The Chicago Transit Authority's plan to extend the Red Line an additional 5.6 miles from 95th Street to 130th Street is still years—if not decades—away. Nonetheless, the CTA has teamed up with urban planners and Far South Side residents to draft plans to guide future real estate development around the four new stations the project will create. 

The CTA on Wednesday held a community webinar to discuss what it calls a Transit Supportive Development Plan (TSDP) for the communities surrounding the Red Line stops planned at 103rd Street, 111th Street, Michigan Avenue, and 130th Street. The TSDP will also help support the CTA's application to the Federal Transit Administration for funding of the rail line extension itself, according to officials. 

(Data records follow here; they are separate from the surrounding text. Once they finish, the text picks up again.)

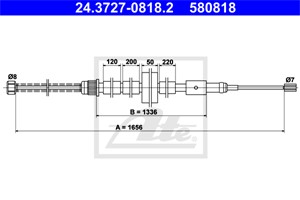 Kabel, parkeringsbremse, Bakre venstre, PEUGEOT 306, 306 Halvkombi, 306 Skåp / kombi, 306 Skåp/halvkombi, 4745 97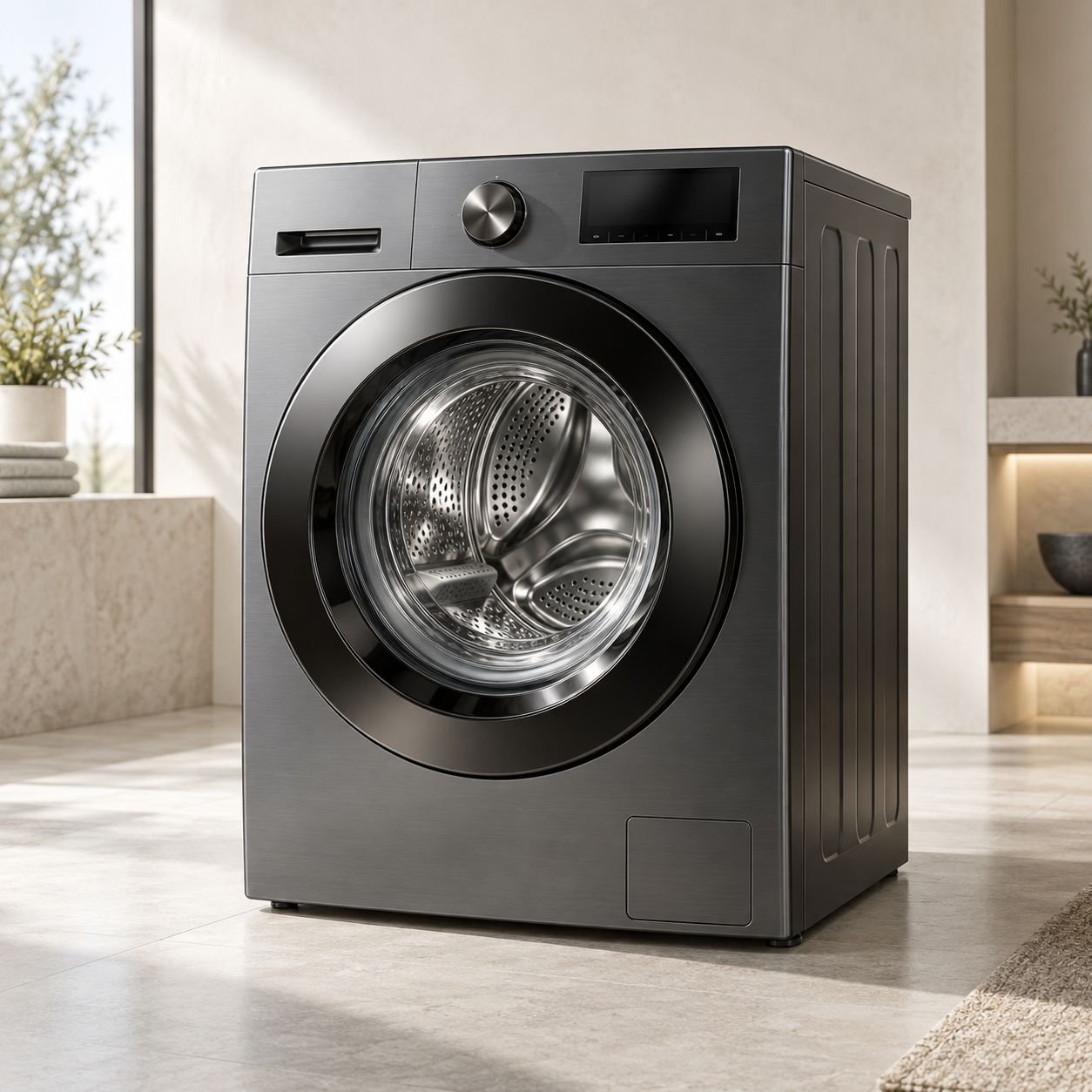 Dark stainless front-load washing machine
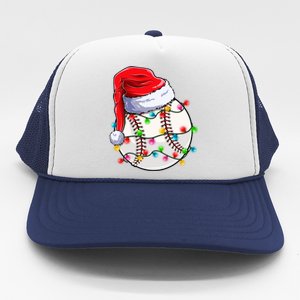 Christmas Baseball Santa Hat Funny Xmas Pajama Cute Gift Trucker Hat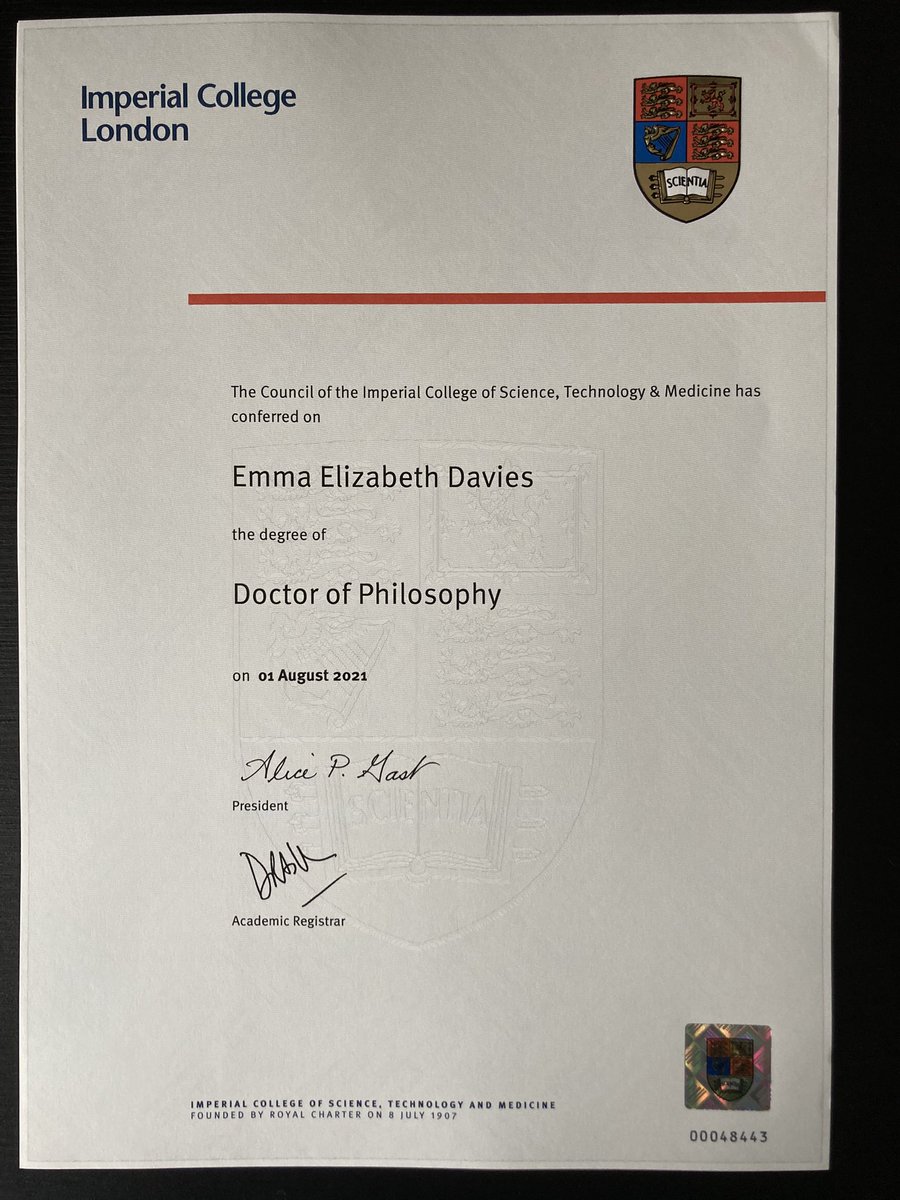 The certificate has arrived and it finally feels official, that’s the PhD complete! 💫 A massive thank you to everyone who helped me along the way!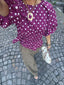 POP-OFF POLKA BLOUSE BURGANDY
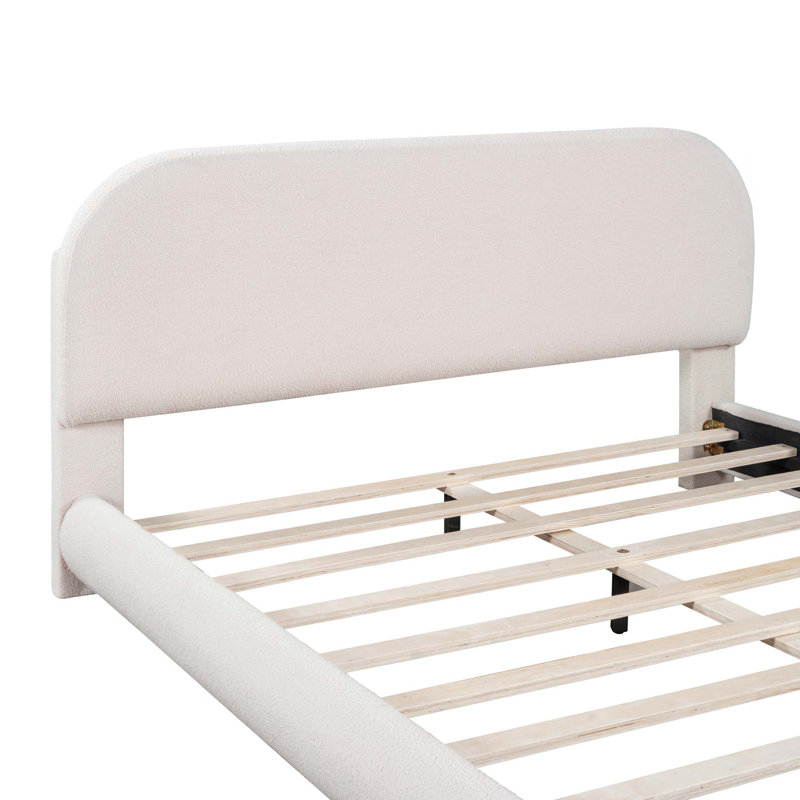 Lit plateforme en tissu d'ameublement Teddy, Beige, Grand lit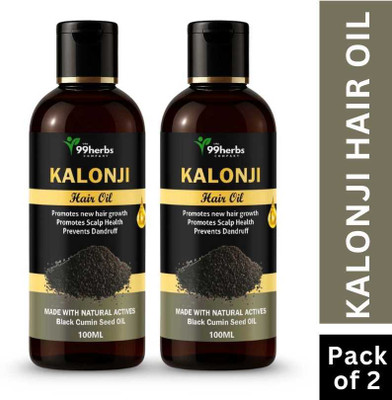 The 99 Herbs Company 99HERBS Kalonji Oil 100ml – Pack of 2 | Natural Hair Hair Oil(100 ml)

"The key approach for a Transit Supportive Development Plan is to integrate land-use planning with transportation planning," said Teresa Fourcher, a senior planner with ‎Solomon Cordwell Buenz who is involved with the TSDP. "The plan will identify methods and resources needed to encourage economic development, continued affordability, private sector investment, and multimodal connectivity and bicycle access."

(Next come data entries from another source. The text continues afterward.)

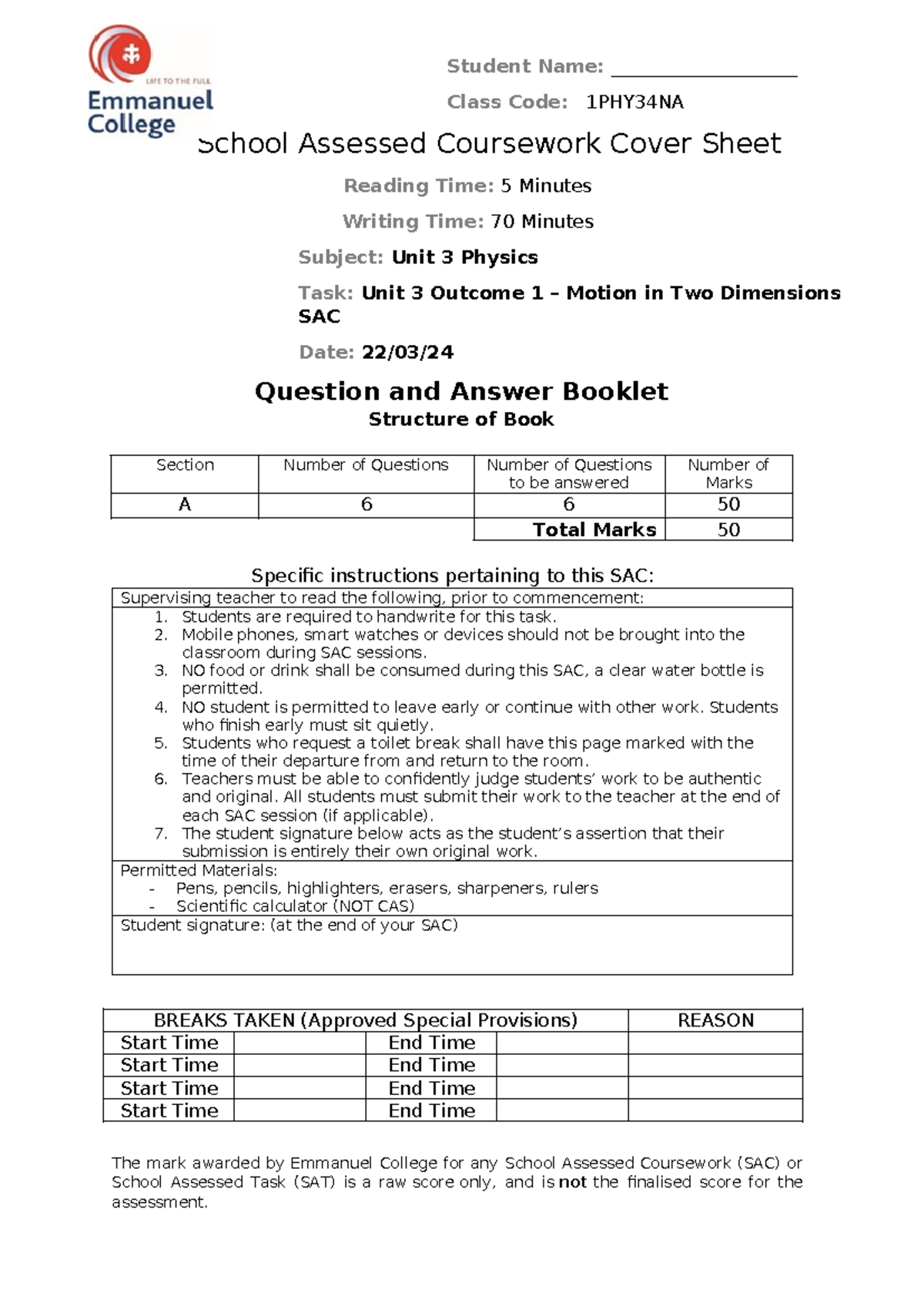 Physics Unit 3 Outcome 1 SAC 2024 – Motion in Two Dimensions 1PHY34NA ...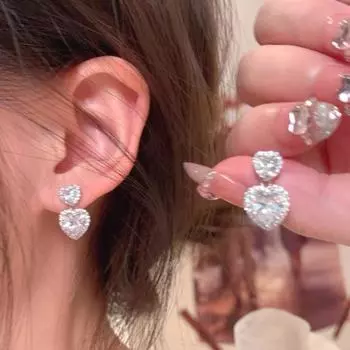 Изысканные серьги-гвоздики в форме сердца из серебра 925 пробы с нежным цирконом для женщин, универсальные, с темпераментом, в виде персикового сердца и текучей линии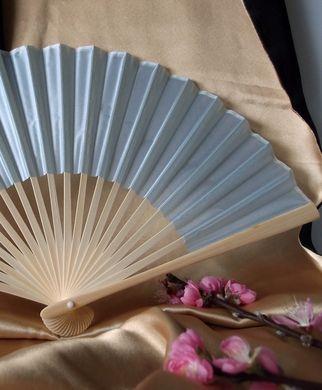 9&quot; Arctic Spa Blue Silk Hand Fans for Weddings (10 Pack)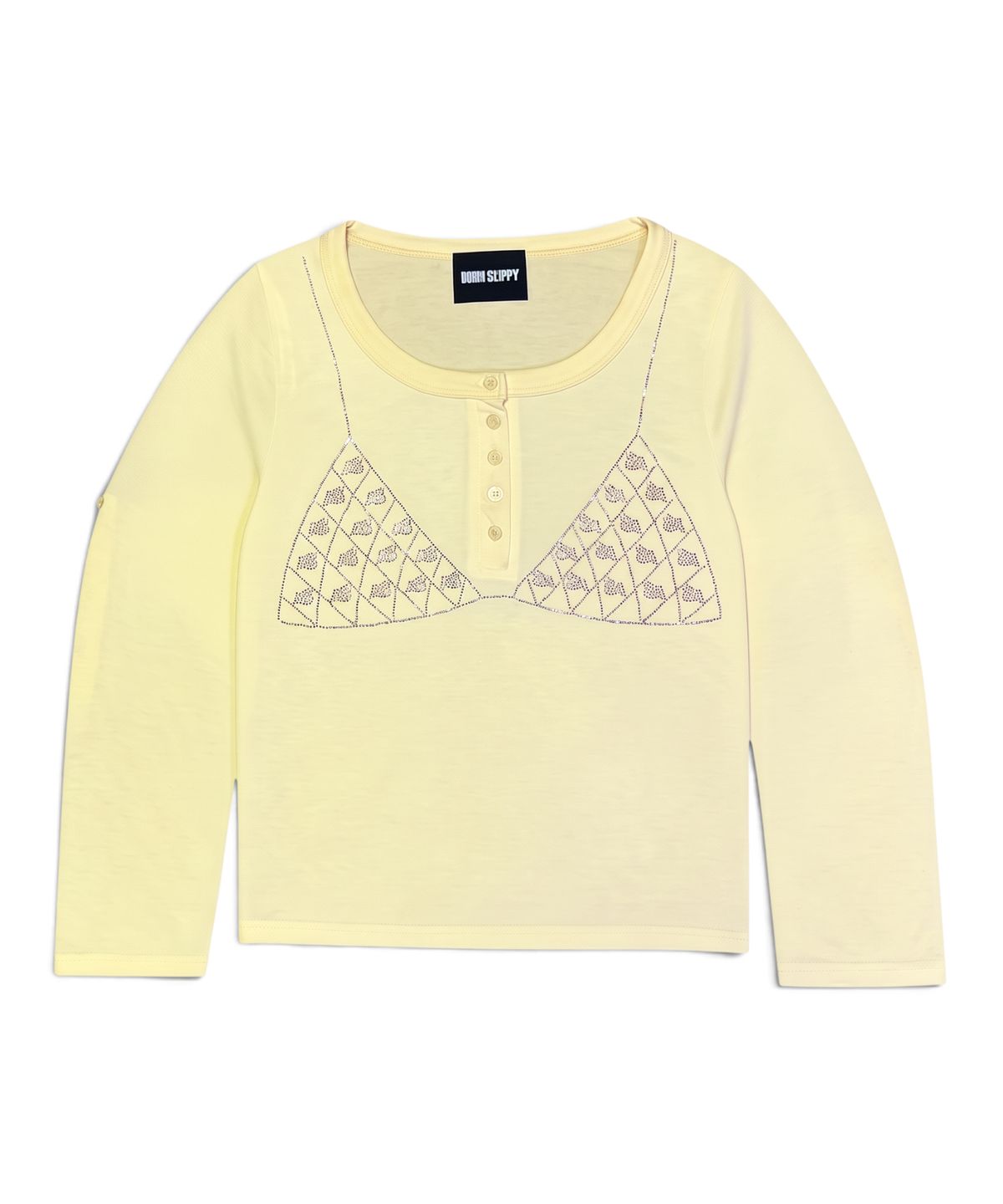 본슬리피(BORN SLIPPY) Crystal Bikini Henley Long Sleeve Tee (Yellow)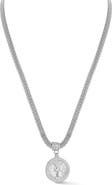 SPHERA MILANO Pavé Coin Pendant Popcorn Chain Necklace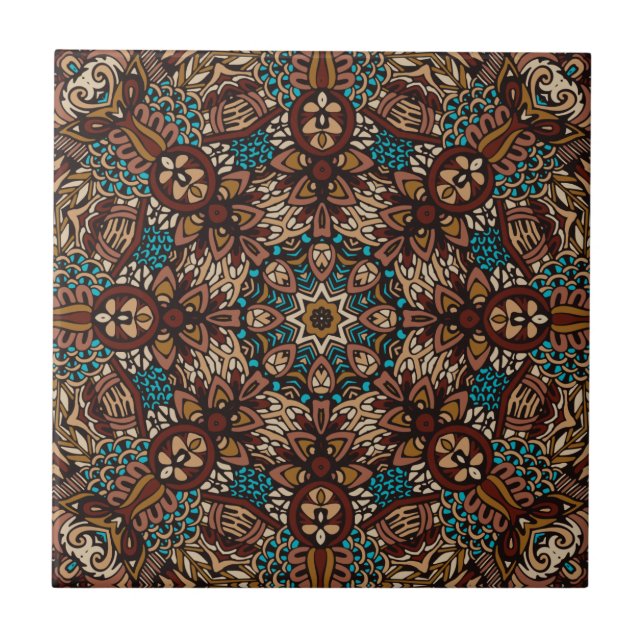 Azulejo Boho ruso marrón, Verde azulado y beige Mandala (Frente)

The draft plans incorporate public comments collected at two area-wide meetings held last year and four station-specific meetings conducted in early 2021. Using that feedback, planners identified the strengths of each community as well as their needs—such as access to jobs and neighborhood amenities like grocery stores.

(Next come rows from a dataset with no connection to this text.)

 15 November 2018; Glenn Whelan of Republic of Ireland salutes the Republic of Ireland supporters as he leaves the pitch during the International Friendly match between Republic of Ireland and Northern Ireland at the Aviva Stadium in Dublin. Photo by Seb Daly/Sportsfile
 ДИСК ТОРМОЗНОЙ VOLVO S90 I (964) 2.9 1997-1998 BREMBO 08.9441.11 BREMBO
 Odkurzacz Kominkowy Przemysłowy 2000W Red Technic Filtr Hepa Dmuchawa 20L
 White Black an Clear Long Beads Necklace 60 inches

The presentation included a "vision statement" and land-use strategy map for each of the four station areas. These plans prioritize new infill development on vacant lots and generally call for mixed-use buildings near the planned stations and existing retail corridors.

Based on neighborhood context, some areas are earmarked for medium-density multi-flat buildings and even single-family homes (click on the gallery above for a closer look at each of the four TSDP areas).

A draft land-use strategy for infill development near the proposed 103rd Street station.CTA

The hosts of Wednesday's meeting stressed multiple times that the presentation represented draft plans that are still being refined. The CTA intends to hold a follow-up meeting this summer and present a final TSDP report in the fall.

Chicago residents meanwhile are encouraged to get involved by visiting the CTA's engagement page to take the survey and submit questions, comments, and other ideas regarding the project.

The Red Line extension is still in the planning phase and its completion is "subject to the availability of funding," according to the CTA's website. The agency selected its preferred alignment for the estimated $2.3 billion project in 2018.